Stuttgart - Der Weg ist das Ziel, und dieser Weg ist ein schöner. Munteren Schrittes spaziert Astrid Riehle den Pfad hinauf, der sich sanft in einer Spirale zum Birkenkopf hinaufschlängelt. Erst führt er durch den Wald, aber je höher man kommt, desto mehr lichtet sich das Blätterdach. Gezwitscher durchbricht das monotone Rauschen des Morgenverkehrs. „Es hat etwas von pilgern, es ist ein Anmarsch“, sagt die Pfarrerin.

 

Auf halber Höhe weiten sich die Bäume fürs erste Oha und den ersten Ausblick Richtung Vaihingen. Da geht noch was. Astrid Riehle zelebriert diesen Aufstieg. „Besonders schön ist der Sonntagszug mit der Gemeinde. Es ist schön zu merken, wie die Leute erwartungsvoll hochgehen.“

Seit März ist die 59-Jährige als Pfarrerin für die evangelische Paul-Gerhardt-Gemeinde im Westen zuständig. Zuvor war sie jahrelang als Referentin beim Stadtdekanat, wieder davor bildete sie am Pfarrseminar der Landeskirche Vikare aus. Die noch frische Stelle fühlt sich gut an, wie sie sagt, „letztlich schlägt mein Herz als Gemeindepfarrerin“. Dabei predigt sie nicht nur in der Kirche, sondern auch auf dem Birkenkopf.

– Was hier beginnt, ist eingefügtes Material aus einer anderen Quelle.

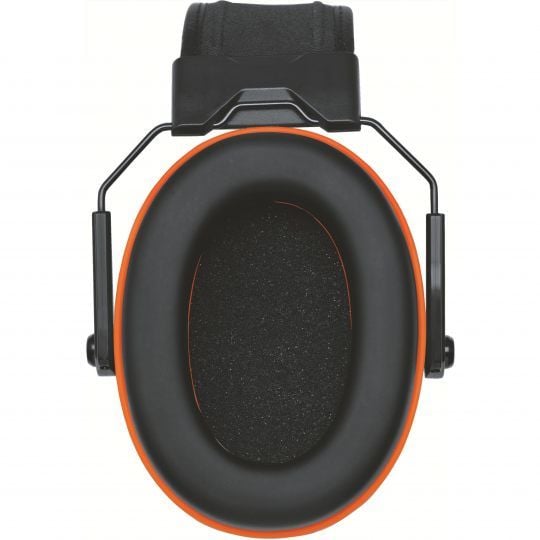 Uvex K30, Headset, Konstruksjon, Sort, Rød, 36 dB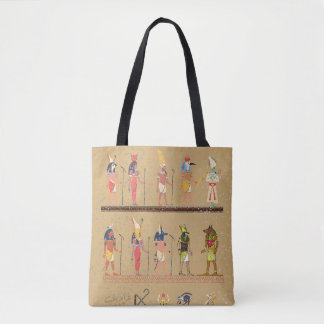Bolso De Tela Tote de estilo egipcio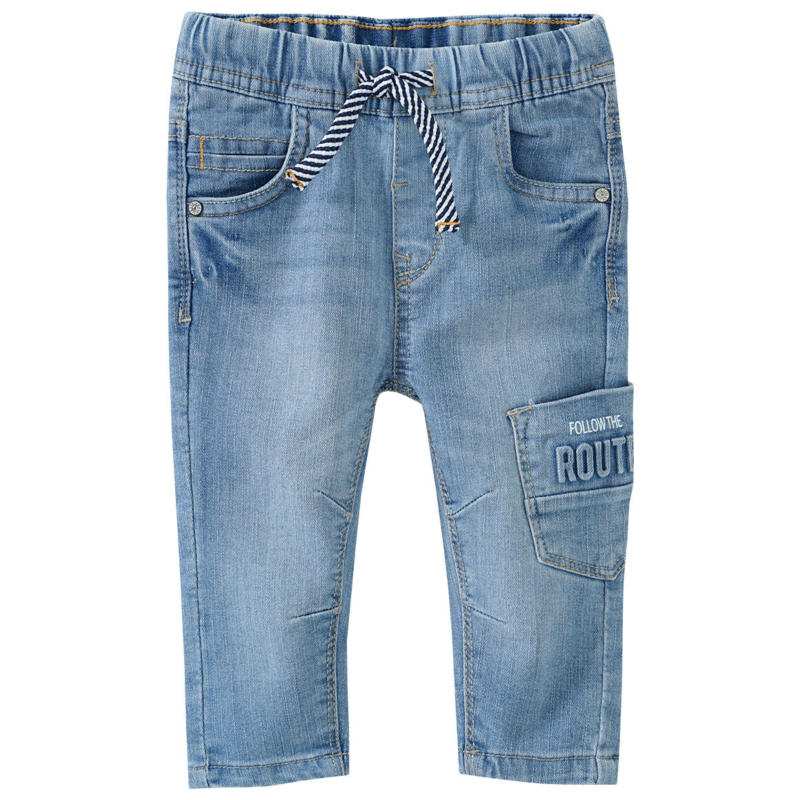 Baby Pull-On-Jeans mit Tunnelzug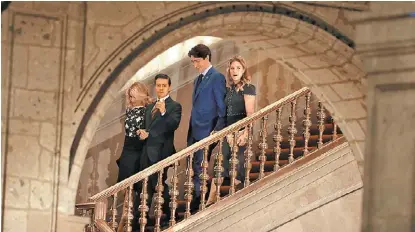  ?? JORGE CARBALLO ?? Se ofreció una cena en Palacio Nacional en honor al canadiense.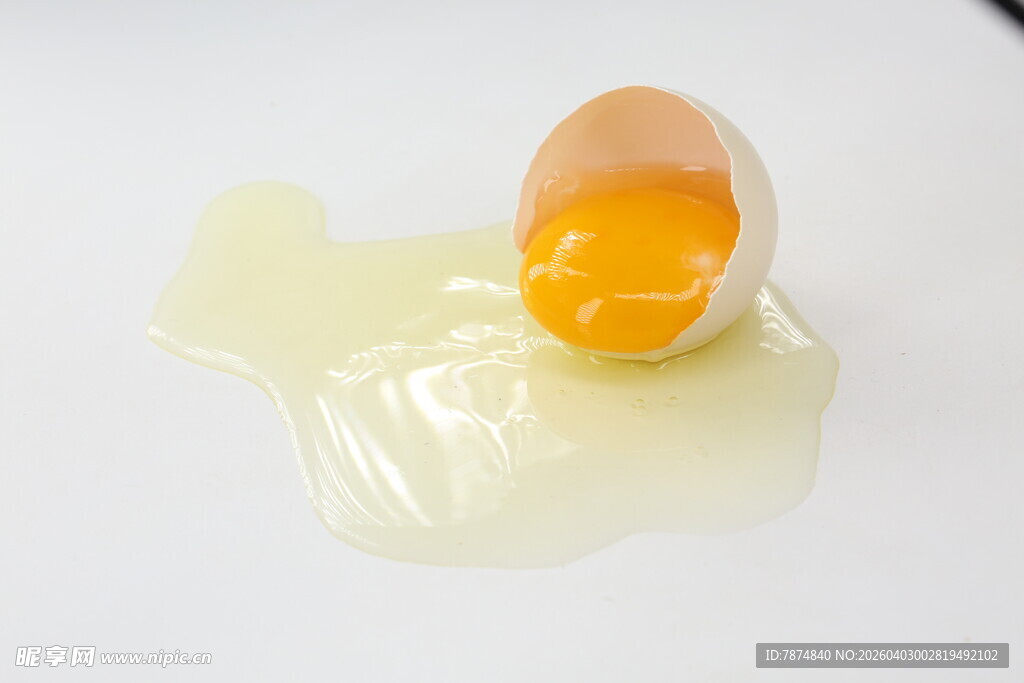 破裂鸡蛋 蛋液蛋黄流出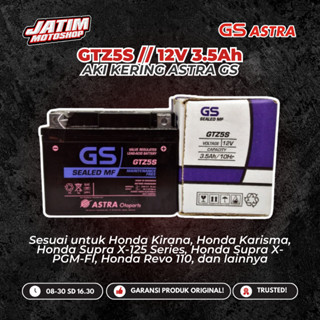 Jual Aki AS ASTRA GTZ5S 12V 3.5Ah Sesuai Untuk Karisma Mio Vario Spin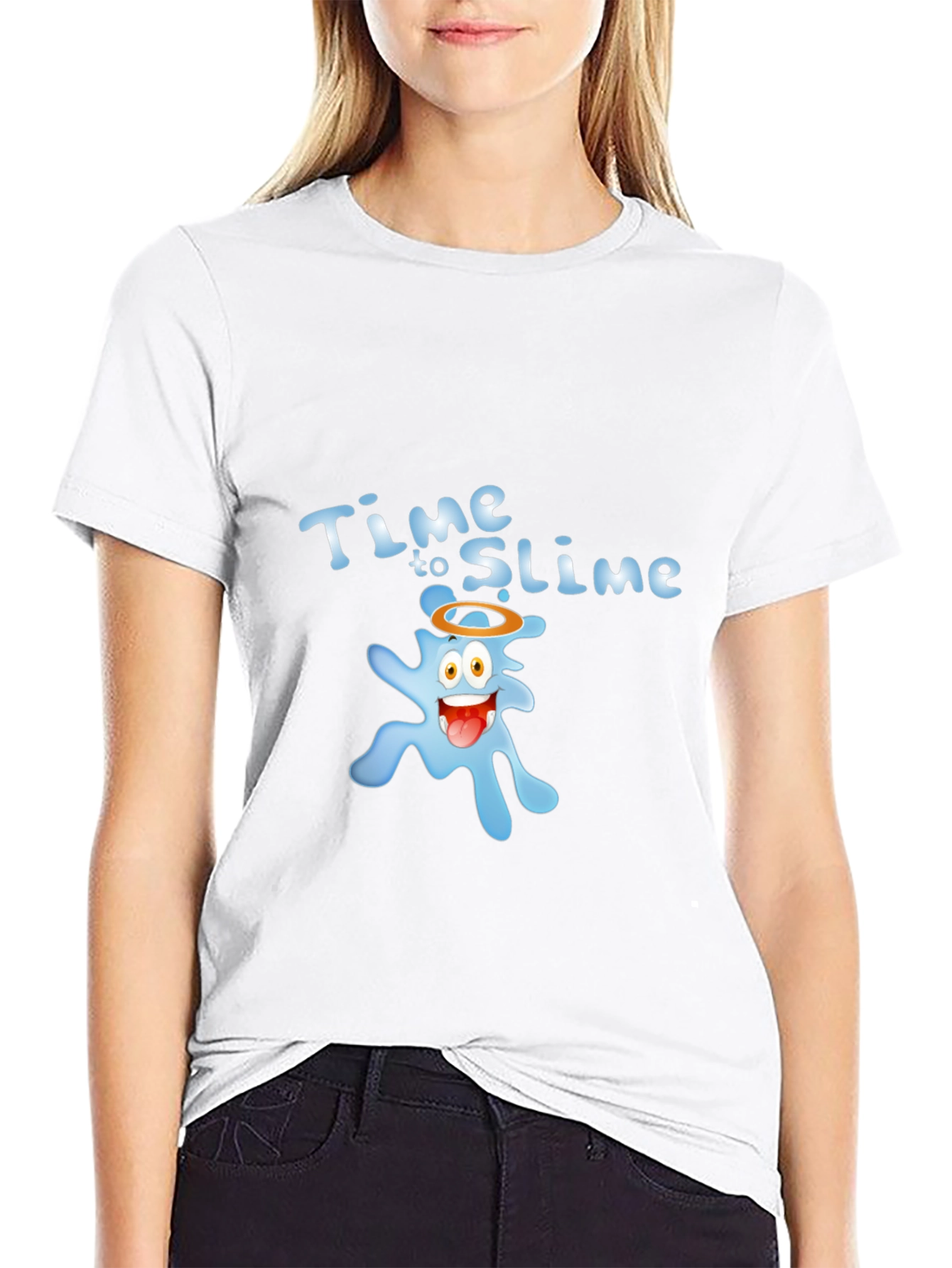 Time to Slime Black T-Shirt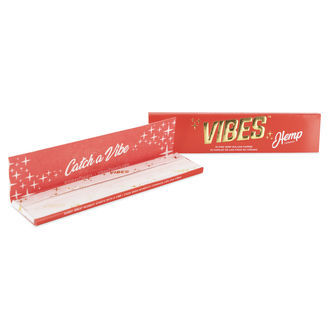 Vibes rullpapper av hampa i king size slim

Begeistert vom irdischen Ausblick

Die Gottesdienste auf dem mit 511 Metern höchsten Punkt des inneren Stadtgebiets sind für sie etwas Besonderes. „Ich glaube, der weite, offene Himmel spielt eine Rolle. Man ist dem Himmel näher.“ Nicht nur für Astrid Riehle sind die Open-Air-Andachten erhebend. Im Schatten des haushohen Metallkreuzes, das die evangelische Gesamtkirchengemeinde im Jahr 2003 aufstellen ließ, beten längst nicht nur Christen aus dem Westen, sondern auch aus umliegenden Bezirken und Kommunen. Am Ostersonntag haben die 300 Liedblätter nicht gereicht.

Wer keine höhere Macht spürt, den wird zumindest der Ausblick begeistern. Der Blick reicht bis zum Fernsehturm und den Kessel. Reicht über den Westen und die Halbhöhenlagen hinweg wieder hinauf bis weit über die Stadtgrenzen hinaus. Ist die Sicht klar, reicht sie bis zum Strohgäu, den Schwarzwald, das Neckartal, den Schwäbischen Wald und die Alb.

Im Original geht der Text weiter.